> [Data provided]
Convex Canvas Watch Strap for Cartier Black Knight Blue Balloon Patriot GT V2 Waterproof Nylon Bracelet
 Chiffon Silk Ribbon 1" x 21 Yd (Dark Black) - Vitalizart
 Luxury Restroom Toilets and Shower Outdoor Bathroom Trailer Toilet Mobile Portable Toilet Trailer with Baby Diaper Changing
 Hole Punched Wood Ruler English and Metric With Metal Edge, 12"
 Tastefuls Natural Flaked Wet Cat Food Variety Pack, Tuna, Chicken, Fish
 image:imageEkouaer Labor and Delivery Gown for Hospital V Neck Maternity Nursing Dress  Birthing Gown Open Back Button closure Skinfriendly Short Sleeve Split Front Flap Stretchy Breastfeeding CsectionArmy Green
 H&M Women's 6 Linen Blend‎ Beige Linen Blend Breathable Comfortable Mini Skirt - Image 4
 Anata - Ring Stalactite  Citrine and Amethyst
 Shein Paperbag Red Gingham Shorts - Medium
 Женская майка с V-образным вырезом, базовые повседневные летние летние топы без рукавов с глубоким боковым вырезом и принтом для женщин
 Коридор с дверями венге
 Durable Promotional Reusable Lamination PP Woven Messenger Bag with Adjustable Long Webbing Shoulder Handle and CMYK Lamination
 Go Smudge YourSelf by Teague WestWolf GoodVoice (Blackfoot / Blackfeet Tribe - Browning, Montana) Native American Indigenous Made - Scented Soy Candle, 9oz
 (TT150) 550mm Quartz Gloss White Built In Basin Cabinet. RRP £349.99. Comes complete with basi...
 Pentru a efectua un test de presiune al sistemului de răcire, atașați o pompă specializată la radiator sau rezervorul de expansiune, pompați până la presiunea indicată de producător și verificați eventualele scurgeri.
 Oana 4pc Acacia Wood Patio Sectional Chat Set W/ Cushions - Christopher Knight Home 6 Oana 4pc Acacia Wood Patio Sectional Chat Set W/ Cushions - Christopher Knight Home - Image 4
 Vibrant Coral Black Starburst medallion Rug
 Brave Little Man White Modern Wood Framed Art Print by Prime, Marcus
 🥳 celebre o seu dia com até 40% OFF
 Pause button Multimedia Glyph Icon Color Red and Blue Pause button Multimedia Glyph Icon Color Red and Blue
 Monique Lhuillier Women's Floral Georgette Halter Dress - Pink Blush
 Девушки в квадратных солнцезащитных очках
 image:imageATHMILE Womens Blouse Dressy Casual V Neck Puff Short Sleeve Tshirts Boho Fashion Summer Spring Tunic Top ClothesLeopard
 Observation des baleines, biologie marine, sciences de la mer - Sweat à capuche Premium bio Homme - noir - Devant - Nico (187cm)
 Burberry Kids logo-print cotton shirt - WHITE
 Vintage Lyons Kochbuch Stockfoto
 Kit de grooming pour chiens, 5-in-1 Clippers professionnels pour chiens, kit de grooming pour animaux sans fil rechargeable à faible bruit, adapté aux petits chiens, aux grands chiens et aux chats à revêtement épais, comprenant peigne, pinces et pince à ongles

> [Exercise] Retype each line above with no alterations.

> [Task response]
Convex Canvas Watch Strap for Cartier Black Knight Blue Balloon Patriot GT V2 Waterproof Nylon Bracelet
 Chiffon Silk Ribbon 1" x 21 Yd (Dark Black) - Vitalizart
 Luxury Restroom Toilets and Shower Outdoor Bathroom Trailer Toilet Mobile Portable Toilet Trailer with Baby Diaper Changing
 Hole Punched Wood Ruler English and Metric With Metal Edge, 12"
 Tastefuls Natural Flaked Wet Cat Food Variety Pack, Tuna, Chicken, Fish
 image:imageEkouaer Labor and Delivery Gown for Hospital V Neck Maternity Nursing Dress  Birthing Gown Open Back Button closure Skinfriendly Short Sleeve Split Front Flap Stretchy Breastfeeding CsectionArmy Green
 H&M Women's 6 Linen Blend‎ Beige Linen Blend Breathable Comfortable Mini Skirt - Image 4
 Anata - Ring Stalactite  Citrine and Amethyst
 Shein Paperbag Red Gingham Shorts - Medium
 Женская майка с V-образным вырезом, базовые повседневные летние летние топы без рукавов с глубоким боковым вырезом и принтом для женщин
 Коридор с дверями венге
 Durable Promotional Reusable Lamination PP Woven Messenger Bag with Adjustable Long Webbing Shoulder Handle and CMYK Lamination
 Go Smudge YourSelf by Teague WestWolf GoodVoice (Blackfoot / Blackfeet Tribe - Browning, Montana) Native American Indigenous Made - Scented Soy Candle, 9oz
 (TT150) 550mm Quartz Gloss White Built In Basin Cabinet. RRP £349.99. Comes complete with basi...
 Pentru a efectua un test de presiune al sistemului de răcire, atașați o pompă specializată la radiator sau rezervorul de expansiune, pompați până la presiunea indicată de producător și verificați eventualele scurgeri.
 Oana 4pc Acacia Wood Patio Sectional Chat Set W/ Cushions - Christopher Knight Home 6 Oana 4pc Acacia Wood Patio Sectional Chat Set W/ Cushions - Christopher Knight Home - Image 4
 Vibrant Coral Black Starburst medallion Rug
 Brave Little Man White Modern Wood Framed Art Print by Prime, Marcus
 🥳 celebre o seu dia com até 40% OFF
 Pause button Multimedia Glyph Icon Color Red and Blue Pause button Multimedia Glyph Icon Color Red and Blue
 Monique Lhuillier Women's Floral Georgette Halter Dress - Pink Blush
 Девушки в квадратных солнцезащитных очках
 image:imageATHMILE Womens Blouse Dressy Casual V Neck Puff Short Sleeve Tshirts Boho Fashion Summer Spring Tunic Top ClothesLeopard
 Observation des baleines, biologie marine, sciences de la mer - Sweat à capuche Premium bio Homme - noir - Devant - Nico (187cm)
 Burberry Kids logo-print cotton shirt - WHITE
 Vintage Lyons Kochbuch Stockfoto
 Kit de grooming pour chiens, 5-in-1 Clippers professionnels pour chiens, kit de grooming pour animaux sans fil rechargeable à faible bruit, adapté aux petits chiens, aux grands chiens et aux chats à revêtement épais, comprenant peigne, pinces et pince à ongles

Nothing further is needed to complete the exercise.